There are a few other surprisingly high ranked prospects, which could be caused by multiple things. Firstly, the imputations may be inaccurate, which could cause for some prospects to have much higher grades than overall. The regression also may not properly take into account the level of competition, causing people who played in worse divisions that put up better statistics to get ranked higher. Looking into possible causes of discrepancies would be one of the first things I would do if I tried to improve my results.
As an aside, these predictions are also applicable to rounds other than the first round. Here, for example, is the five players listed as most likely to get picked in the seventh round:
Rank | Name |
---|---|
1 | Davin Bellamy |
2 | Keishawn Bierria |
3 | Darius Phillips |
4 | Greg Stroman |
5 | Nick Gates |
Next Actions
Overall, I would say that I was able to achieve some notable results from this analysis. Many of the consensus "top" prospects peppered the upper echelon of my rankings. There was, of course, quite a bit of room for improvement. I alluded to a few ways to do so earlier, such as improving the way I collect data to eliminate inconsistencies with imputation. Naturally, collecting more data would also make this more accurate.
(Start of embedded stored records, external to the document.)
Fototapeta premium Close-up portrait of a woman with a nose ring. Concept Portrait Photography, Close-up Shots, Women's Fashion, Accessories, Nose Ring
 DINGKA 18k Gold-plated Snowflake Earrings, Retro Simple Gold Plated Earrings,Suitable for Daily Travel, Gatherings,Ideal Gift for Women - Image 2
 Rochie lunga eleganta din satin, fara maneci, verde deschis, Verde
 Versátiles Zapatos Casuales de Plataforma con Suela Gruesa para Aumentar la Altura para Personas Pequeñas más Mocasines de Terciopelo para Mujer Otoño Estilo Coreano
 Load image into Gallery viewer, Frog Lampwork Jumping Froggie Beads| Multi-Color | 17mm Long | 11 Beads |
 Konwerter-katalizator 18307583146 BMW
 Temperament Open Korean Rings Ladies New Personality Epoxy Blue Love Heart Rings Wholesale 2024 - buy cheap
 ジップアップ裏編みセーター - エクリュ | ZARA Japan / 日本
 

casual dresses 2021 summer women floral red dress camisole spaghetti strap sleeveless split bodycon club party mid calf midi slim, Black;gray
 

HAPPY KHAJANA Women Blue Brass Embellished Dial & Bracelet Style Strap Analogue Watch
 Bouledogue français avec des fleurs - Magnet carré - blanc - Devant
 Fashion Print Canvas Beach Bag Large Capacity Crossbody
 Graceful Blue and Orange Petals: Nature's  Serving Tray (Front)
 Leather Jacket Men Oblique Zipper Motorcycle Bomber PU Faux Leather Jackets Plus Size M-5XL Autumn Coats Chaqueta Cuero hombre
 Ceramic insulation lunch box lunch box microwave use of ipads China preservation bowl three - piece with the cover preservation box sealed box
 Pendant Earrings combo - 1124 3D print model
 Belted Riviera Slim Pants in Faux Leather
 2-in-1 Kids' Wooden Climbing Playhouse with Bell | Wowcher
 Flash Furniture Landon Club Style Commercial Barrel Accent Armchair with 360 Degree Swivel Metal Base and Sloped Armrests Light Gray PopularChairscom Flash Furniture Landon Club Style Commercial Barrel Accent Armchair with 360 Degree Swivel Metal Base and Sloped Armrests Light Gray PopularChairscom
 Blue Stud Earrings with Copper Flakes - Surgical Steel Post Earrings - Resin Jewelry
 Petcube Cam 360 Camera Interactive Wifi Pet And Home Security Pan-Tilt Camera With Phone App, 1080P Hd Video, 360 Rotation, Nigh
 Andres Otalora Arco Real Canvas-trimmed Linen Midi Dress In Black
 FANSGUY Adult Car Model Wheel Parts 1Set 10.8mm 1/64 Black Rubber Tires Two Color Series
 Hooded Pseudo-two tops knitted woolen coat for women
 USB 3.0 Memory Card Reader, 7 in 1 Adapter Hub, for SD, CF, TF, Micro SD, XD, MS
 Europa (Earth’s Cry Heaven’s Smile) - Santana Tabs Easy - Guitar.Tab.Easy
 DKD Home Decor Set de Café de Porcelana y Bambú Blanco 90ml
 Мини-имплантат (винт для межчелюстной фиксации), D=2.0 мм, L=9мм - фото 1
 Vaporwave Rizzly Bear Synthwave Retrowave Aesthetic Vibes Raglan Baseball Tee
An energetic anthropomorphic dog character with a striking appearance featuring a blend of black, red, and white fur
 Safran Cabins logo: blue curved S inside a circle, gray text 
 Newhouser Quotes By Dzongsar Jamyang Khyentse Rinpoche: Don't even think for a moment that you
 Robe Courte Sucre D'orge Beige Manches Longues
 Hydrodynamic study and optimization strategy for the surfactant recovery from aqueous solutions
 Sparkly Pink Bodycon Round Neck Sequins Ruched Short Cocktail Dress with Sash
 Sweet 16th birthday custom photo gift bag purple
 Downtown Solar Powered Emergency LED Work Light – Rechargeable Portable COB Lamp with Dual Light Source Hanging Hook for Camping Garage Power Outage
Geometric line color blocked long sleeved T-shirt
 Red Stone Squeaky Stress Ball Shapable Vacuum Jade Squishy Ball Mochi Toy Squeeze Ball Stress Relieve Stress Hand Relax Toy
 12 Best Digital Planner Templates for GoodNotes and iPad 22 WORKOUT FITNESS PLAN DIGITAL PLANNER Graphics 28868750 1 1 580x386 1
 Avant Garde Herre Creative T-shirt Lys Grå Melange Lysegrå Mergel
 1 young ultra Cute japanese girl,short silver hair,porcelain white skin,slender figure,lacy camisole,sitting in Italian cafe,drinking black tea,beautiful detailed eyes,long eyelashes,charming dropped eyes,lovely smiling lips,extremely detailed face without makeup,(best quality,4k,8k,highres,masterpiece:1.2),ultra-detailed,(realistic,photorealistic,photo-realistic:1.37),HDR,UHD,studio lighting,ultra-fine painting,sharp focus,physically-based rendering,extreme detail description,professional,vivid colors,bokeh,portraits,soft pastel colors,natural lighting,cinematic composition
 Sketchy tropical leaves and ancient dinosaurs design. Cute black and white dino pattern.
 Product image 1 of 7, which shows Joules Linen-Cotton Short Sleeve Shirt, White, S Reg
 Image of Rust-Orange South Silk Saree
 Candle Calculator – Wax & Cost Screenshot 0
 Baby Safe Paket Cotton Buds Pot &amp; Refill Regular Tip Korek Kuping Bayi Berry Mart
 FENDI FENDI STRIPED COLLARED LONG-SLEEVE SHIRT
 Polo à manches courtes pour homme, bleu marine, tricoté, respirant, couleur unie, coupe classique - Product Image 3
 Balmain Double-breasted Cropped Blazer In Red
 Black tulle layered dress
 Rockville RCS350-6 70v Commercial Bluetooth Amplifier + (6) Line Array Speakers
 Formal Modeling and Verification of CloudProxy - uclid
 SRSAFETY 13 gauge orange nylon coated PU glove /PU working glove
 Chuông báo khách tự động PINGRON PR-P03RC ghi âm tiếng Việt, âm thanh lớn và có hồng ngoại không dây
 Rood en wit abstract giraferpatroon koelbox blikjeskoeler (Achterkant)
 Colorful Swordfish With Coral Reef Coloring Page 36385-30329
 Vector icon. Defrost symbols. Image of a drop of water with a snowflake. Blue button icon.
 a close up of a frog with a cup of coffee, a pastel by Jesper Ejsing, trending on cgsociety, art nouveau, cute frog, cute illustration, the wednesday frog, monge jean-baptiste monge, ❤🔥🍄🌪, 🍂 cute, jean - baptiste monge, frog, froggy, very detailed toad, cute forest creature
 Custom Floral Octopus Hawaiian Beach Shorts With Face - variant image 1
I do not currently have any information about undrafted prospects in my dataset, which could slightly skew the predictions. There were also alternative paths I could have taken with my analysis. It would have been relatively simple to predict the probability of a player going in the first round; I could simply change the "Round" feature to be a binary feature depending on whether the player was drafted in the first round or not, and then run some version of a logistic regression. There is also certainly more room for feature analysis and selection within this specific regression. The process of collecting NFL draft data could also prove to be useful in the case that I decide to do further NFL analyses; for example, I could try to predict NFL success given this data. All in all, I found this project to be an interesting foray into web scraping and applied machine learning, and hope to build on it more in the future.